日本が悩むストライカー育成。ウルグアイから学ぶべきことは何か?

  • 篠 幸彦●取材・文 text by Shino Yukihiko
  • photo by Getty Images

 バビーフットボールとは、フットサルよりもさらに狭いコートでやる6人制のサッカーである。

「コンタクトプレーが多く、相手はスライディングしてボールを奪いにくるし、ボールがタッチラインを割ったらスローインなので空中戦もある。彼らはそのなかで相手を背負ってターンをしたり、シュートをしたりして、ゴールを狙います。ここでストライカーに必要な身のこなしや駆け引き、得点感覚を磨いているわけですね」

 バビーフットボールは12歳まで行なわれ、そこからいい選手が各クラブのスカウトに引き抜かれていく。そしてその幼い頃から激しい競争がある。

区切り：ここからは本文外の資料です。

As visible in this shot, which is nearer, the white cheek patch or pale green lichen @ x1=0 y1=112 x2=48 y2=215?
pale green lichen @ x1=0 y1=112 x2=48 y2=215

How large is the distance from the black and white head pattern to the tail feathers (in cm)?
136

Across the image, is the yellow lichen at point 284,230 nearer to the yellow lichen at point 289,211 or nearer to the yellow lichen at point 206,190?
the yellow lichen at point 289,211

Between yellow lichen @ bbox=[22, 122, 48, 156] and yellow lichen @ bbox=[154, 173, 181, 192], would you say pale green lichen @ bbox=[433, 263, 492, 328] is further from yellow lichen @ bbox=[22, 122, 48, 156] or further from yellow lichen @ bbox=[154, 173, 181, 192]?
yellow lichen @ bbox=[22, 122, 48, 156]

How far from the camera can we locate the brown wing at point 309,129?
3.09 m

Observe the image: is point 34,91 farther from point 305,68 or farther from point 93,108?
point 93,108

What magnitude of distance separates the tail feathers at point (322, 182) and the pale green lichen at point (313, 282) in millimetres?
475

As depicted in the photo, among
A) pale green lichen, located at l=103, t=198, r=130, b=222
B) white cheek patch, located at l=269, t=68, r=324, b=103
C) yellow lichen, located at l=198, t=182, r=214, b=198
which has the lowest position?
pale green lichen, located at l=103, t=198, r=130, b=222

「たとえ10歳くらいの子どもでも、点が取れなかったら交代。競争のなかでストライカーとしての技術を磨いていくんです。日本の場合はなんでも平等にプレーさせたがりますが、ウルグアイではあり得ない。こうした激しい競争のなかで、生き抜く術や、点を取る術を身につけています」

<周囲を理解することも大切>

 そもそも、日本と南米では『ストライカー』の概念から異なるそうだ。

「日本の場合は前線のFWのポジションの選手=ストライカーと言われますが、南米の場合は『ゴレアドール』と言って、点を取る選手をストライカーと言うんです。チームでいちばん点を取った選手、得点王を獲得した選手、そうやって結果を残した選手がストライカーとして認められます。

 ウルグアイでは『ストライカー=自分が主役』ですし、ゴールを決めチームを勝たせるのが仕事です。一方、前線の選手はゴールに絡み、チームの勝利に貢献するのが仕事。ストライカーと前線の選手は違うと、全員が理解しています」

 そして、いいストライカーになるには強さやテクニックだけではなく、周りを理解するのも大事だと松原氏は言う。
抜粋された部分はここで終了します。